Après Strauss-kahn, un nouveau biopic par Ferrara
Entre biographie, documentaire, pensum esthétique et politique, cette page biographique était teintée de ce petit plus poétique, voire délirant, que n’aurait pas renier pas par moments Peter Greenaway lui-même.
Ferrara s’amuse à égarer le spectateur dans la complexité du génie de l’artiste italien, que nous retrouvons en pleine promotion du sulfureux Salo ou les 120 journées de Sodome, dans les coulisses de l’exercice promotionnel, ou en famille. Moins un cinéaste qu’un penseur dans la détestation de son pays, épris de politique, de littérature, plus homme que star, le Pasolini dépeint ici se livre à une perspective prophétique de la société capitaliste, et devient l’objet de différents niveaux de narration, alors que l’artiste relate son dernier script, laissé inachevé, ses textes, et différents types d’écrits, pour une ouverture sur plus de fantaisie et de poésie presque lunaire, mais aussi une meilleure compréhension de l’homme.

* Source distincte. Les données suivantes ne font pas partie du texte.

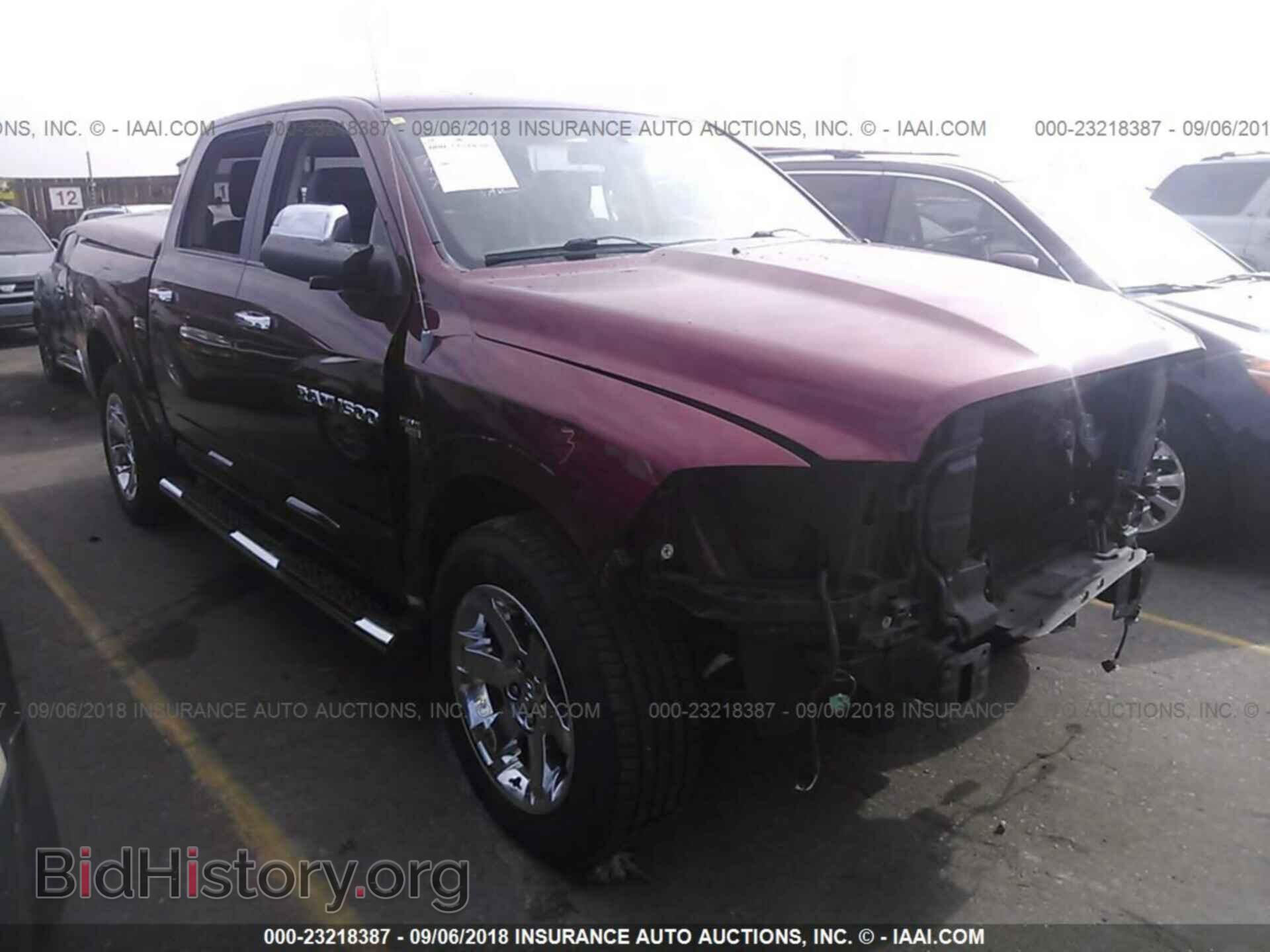 Фотография 1C6RD7NT8CS203970 - Dodge Ram 1500 2012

Pasolini à la conquête du temps perdu
La notion de temps qui passe instrumentalise le spectateur alors que la vision hallucinée, inlassablement respectueuse et nullement provocatrice de Ferrara, conduit le réalisateur d’Accatone à son peloton d’exécution… Une nuit sur une plage d’Ostie, Pasolini sera battu à mort. Une leçon de cinéma pour un moment d’une cruauté étourdissante qui surprend Ferrara en flagrant délit d’introspection existentielle et méta-cinématographique, s’exprimant via sa mise en scène sur l’art de créer ; l’auteur délivre in fine sa vision de son cinéma, dans une mise en abîme touchante, irradiante de beauté.

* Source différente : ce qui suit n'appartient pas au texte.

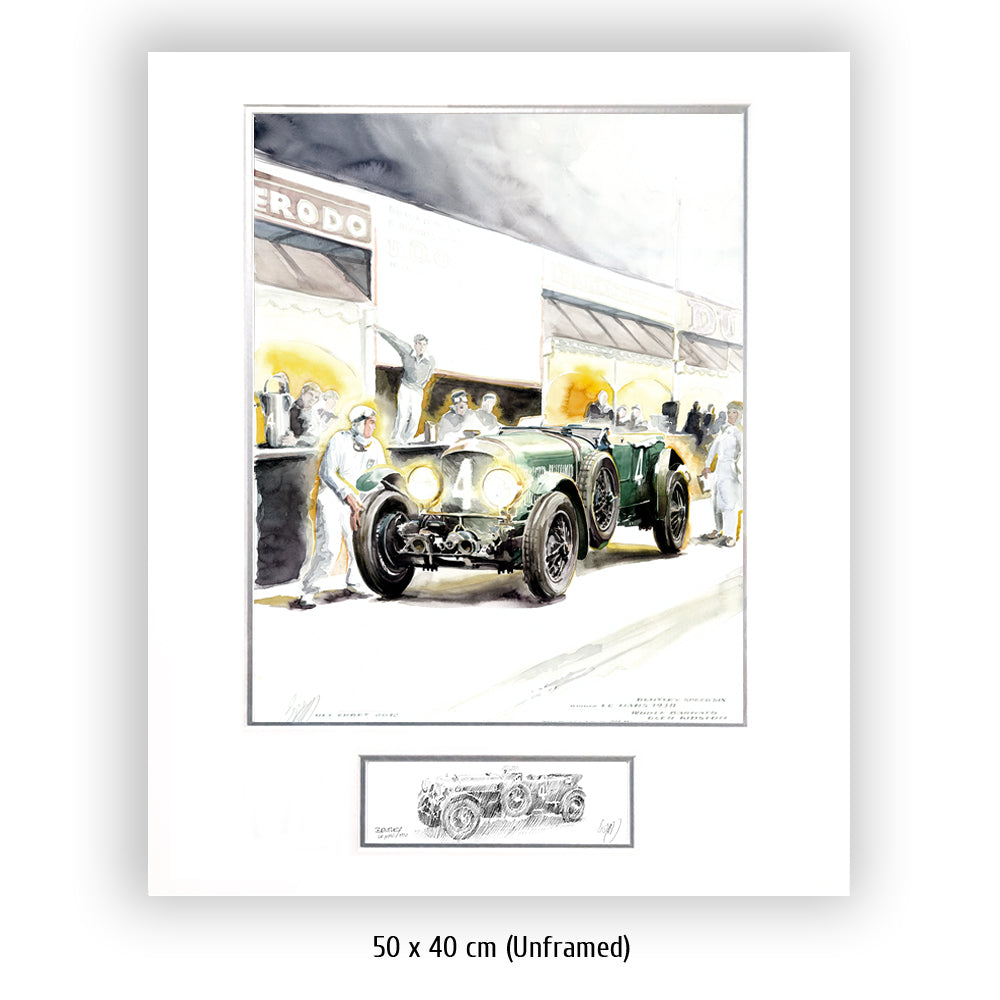 #0396 Bentley Vitesse Six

Les plans réfléchissent la grandeur de l’artiste, rappelant que Ferrara n’est pas l’auteur de King of New York ou Bad Lieutenant pour rien, même si sa démarche, loin du cinéma de genre qu’il a pu affectionner, renvoie ici à la fois au cinéma européen des années 70, dont il retrouve l’esthétique miraculeuse dans une reconstitution d’ambiance imparable, et à son œuvre contemporaine, celle des années 2000, éloignée du cinéma de ses débuts (Mary, 4h44 dernier jour sur Terre, Go Go Tales).

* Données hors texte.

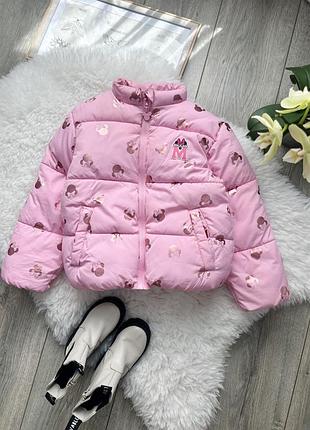 Курточка для дівчинки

Willem Dafoe incarne Pasolini
En tête d’affiche, au milieu de quelques artistes italiens qui, pour certains, ont côtoyé le vrai Pasolini, on retrouve son acteur fétiche, Willem Dafoe dont la ressemblance avec l’artiste italien est parfois saisissante. L’acteur est sobre, donnant de la consistance à l’évocation d’un homme sur ses dernières heures, y compris dans les moments délicats qui montre Pasolini en quête de jeunes amants, signe des effets dévastateurs du temps appréhendés ici avec dignité et émotion par l’acteur, il est vrai, dirigé d’une main de maître par Ferrara, pour la quatrième fois.
Capricci et les Bookmakers proposeront une rétrospective Ferrara Willem Dafoe dans les salles françaises à partir du 8 janvier 2020.